I’ll be the first to tell you that the game industry is ultimately about sales and profit, and that it always has to boil down to the business side of affairs. No matter what the conversation is, whether it be the change in direction for a beloved series, the philosophy behind DLC production or the design of a new console, it always has to be about making money.
That’s not exactly a bad thing, despite the connotations. You can have a good studio culture and still have your eyes on those sales figures. In an increasingly entitled world, it’s a common expectation for development studios to do exactly what the fans want, when the fans want, as if they were a charity for the good of the gaming community rather than a business. The fact is that to continue producing the games we love, the studios have to turn a profit, and it’s very easy for fans to lose sight of that.
So what happens when a game performs well but is poorly received by its core audience?
“We’d prefer a game that got a 9 and sold less, than got a 6 but sold more.”

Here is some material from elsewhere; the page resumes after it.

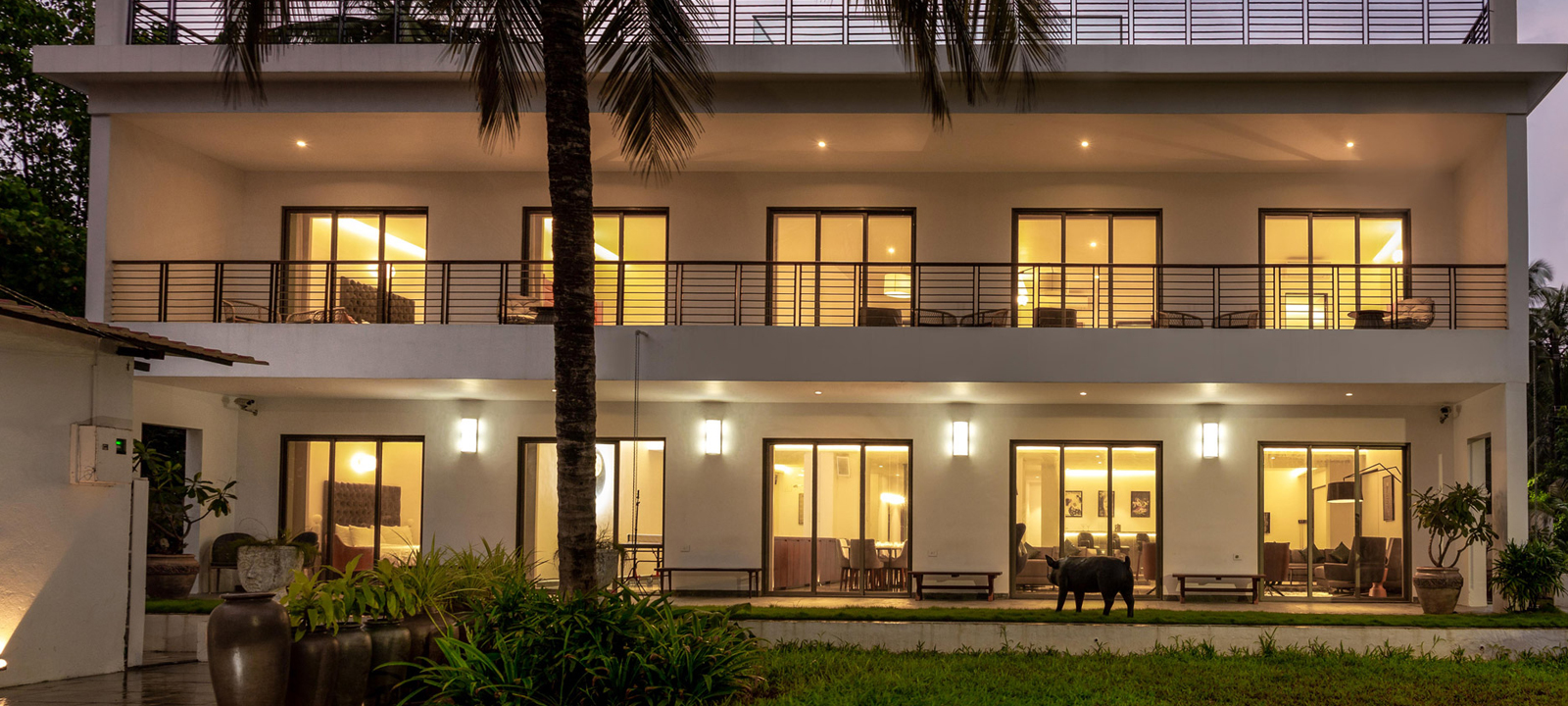 Villas for rent in goa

– Stuart Turner, Capcom Europe COO
Capcom has recently addressed the issue in an interview with gamesindustry.biz following Resident Evil 6’s critical panning & glowing reviews for Resident Evil 7, despite RE7 only reaching around 5m of RE6’s 7m sales thus far. On paper it would surely make far more sense to continue producing titles using RE6’s action-oriented formula rather than the claustrophobic return-to-form style of RE7. Popular usage would dictate that core fans want more explosions and guns whilst critics are looking for jump scares, but the truth is far from this.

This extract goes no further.